Artigo em Inglês | MEDLINE | ID: mdl-31261832


Superparamagnetic iron oxide nanoparticles (SPIONs) have shown great potential in biomedicine due to their high intrinsic magnetization behaviour. These are small particles of magnetite or maghemite, and when coated, their surface oxidation is prevented, their aggregation tendency is reduced, their dispersity is improved, and the stability and blood circulation time are increased, which are mandatory requirements in biomedical applications. In this work, SPIONs were synthesized in air through a reduction-precipitation method and coated with four different polymers (Polyethylene glycol(PEG) 1000/6000 and dextran T10/T70). All the synthesized samples were structurally and magnetically characterized by transmission electron microscopy, Fourier transform infra-red spectroscopy, X-ray powder diffraction, Mössbauer spectroscopy, and Superconducting Quantum Interference Device (SQUID) magnetometry. SPIONs centrifuged and dried in vacuum with an average diameter of at least 7.5 nm and a composition ≤60% of maghemite and ≥40% of magnetite showed the best magnetization results, namely a saturation magnetization of ~64 emu/g at 300 K, similar to the best reported values for SPIONs prepared in controlled atmosphere.
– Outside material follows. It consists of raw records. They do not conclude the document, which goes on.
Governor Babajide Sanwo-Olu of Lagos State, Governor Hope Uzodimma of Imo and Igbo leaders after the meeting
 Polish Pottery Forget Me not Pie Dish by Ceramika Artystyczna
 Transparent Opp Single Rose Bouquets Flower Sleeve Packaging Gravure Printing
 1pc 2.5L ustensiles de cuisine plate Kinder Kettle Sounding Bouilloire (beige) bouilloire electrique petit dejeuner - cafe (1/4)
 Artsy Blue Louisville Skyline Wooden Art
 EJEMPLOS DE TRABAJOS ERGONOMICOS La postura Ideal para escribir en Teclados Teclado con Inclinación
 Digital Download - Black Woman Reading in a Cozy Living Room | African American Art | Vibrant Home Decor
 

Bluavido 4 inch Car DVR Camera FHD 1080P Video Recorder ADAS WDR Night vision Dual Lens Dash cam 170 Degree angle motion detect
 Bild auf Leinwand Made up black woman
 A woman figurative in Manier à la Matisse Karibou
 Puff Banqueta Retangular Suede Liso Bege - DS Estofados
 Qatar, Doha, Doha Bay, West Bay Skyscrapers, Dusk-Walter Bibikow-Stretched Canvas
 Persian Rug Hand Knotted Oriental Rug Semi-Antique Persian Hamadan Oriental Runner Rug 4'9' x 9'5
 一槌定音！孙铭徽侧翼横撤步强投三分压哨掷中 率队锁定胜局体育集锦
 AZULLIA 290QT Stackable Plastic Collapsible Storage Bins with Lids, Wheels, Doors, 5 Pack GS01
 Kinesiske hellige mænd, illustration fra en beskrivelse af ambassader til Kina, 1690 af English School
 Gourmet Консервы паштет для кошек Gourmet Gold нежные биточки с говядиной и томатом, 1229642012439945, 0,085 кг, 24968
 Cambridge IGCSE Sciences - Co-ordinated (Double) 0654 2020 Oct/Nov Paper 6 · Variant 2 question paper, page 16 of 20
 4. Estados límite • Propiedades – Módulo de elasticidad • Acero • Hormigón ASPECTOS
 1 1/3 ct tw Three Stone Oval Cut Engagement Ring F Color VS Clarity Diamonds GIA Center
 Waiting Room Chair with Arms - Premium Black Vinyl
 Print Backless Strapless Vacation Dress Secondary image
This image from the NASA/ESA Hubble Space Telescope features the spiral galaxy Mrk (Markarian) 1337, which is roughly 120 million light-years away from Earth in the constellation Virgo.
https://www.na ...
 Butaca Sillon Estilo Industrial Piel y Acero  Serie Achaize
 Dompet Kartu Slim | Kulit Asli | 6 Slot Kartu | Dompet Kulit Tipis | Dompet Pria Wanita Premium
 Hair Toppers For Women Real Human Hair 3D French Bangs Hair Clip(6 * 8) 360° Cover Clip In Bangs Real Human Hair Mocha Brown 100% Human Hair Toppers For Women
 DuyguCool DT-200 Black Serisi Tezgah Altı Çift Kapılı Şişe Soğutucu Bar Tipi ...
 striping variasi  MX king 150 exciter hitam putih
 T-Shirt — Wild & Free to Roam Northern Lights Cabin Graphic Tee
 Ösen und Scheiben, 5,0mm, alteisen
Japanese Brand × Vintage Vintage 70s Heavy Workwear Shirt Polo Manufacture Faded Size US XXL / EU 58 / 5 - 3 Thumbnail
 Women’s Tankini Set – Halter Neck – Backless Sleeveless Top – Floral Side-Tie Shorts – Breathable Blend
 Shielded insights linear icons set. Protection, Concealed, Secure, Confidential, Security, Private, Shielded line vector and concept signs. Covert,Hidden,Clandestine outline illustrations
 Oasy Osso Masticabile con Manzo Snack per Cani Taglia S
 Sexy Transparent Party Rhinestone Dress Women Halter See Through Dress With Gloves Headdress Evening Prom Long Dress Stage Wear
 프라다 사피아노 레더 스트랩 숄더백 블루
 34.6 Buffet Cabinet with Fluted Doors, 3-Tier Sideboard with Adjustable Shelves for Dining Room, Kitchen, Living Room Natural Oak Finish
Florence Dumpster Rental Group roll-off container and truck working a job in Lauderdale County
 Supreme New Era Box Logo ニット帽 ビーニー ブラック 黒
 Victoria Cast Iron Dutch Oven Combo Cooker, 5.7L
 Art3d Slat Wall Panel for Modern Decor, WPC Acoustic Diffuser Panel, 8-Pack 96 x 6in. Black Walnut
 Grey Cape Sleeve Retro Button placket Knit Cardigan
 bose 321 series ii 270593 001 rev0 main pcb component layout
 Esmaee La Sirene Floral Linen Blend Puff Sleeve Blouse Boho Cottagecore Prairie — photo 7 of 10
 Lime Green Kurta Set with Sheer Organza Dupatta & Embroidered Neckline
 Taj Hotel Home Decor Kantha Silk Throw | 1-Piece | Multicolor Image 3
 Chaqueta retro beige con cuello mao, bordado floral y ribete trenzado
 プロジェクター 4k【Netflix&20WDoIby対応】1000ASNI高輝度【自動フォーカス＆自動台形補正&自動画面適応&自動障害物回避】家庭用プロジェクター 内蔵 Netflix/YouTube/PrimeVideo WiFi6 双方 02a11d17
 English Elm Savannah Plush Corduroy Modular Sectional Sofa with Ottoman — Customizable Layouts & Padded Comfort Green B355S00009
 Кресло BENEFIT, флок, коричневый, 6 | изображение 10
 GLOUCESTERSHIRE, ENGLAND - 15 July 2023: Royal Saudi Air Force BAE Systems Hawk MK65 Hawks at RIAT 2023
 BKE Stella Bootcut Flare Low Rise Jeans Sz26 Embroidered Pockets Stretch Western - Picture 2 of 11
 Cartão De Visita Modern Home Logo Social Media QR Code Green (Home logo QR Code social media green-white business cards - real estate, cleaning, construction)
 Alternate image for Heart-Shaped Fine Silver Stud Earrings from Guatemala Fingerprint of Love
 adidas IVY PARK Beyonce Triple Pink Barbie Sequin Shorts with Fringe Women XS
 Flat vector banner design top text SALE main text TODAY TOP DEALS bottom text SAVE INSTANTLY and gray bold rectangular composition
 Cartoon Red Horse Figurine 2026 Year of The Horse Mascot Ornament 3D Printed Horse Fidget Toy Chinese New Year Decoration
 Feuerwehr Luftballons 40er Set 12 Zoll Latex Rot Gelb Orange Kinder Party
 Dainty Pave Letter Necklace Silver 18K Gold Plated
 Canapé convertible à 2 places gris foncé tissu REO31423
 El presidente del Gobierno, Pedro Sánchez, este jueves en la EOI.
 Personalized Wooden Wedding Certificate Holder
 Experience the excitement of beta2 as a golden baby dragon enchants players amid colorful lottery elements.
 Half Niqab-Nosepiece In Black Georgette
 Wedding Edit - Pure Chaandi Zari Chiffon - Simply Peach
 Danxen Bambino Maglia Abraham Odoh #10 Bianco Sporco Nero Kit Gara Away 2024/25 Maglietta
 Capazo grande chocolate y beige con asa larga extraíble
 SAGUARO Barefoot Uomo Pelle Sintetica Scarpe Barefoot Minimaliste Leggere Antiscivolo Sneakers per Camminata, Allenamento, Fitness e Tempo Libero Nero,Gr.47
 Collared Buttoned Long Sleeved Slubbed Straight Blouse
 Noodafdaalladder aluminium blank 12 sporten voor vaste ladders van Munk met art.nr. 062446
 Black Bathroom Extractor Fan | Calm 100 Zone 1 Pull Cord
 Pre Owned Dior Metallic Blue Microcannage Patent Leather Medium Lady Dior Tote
As far as SPIONs' coatings are concerned, during their preparation procedure, surface polymers must be introduced after the SPIONs' precipitation. Furthermore, polymers with shorter chains do not affect the SPIONs' magnetization performance, although longer chain polymers significantly decrease the coated particle magnetization values, which is undesirable.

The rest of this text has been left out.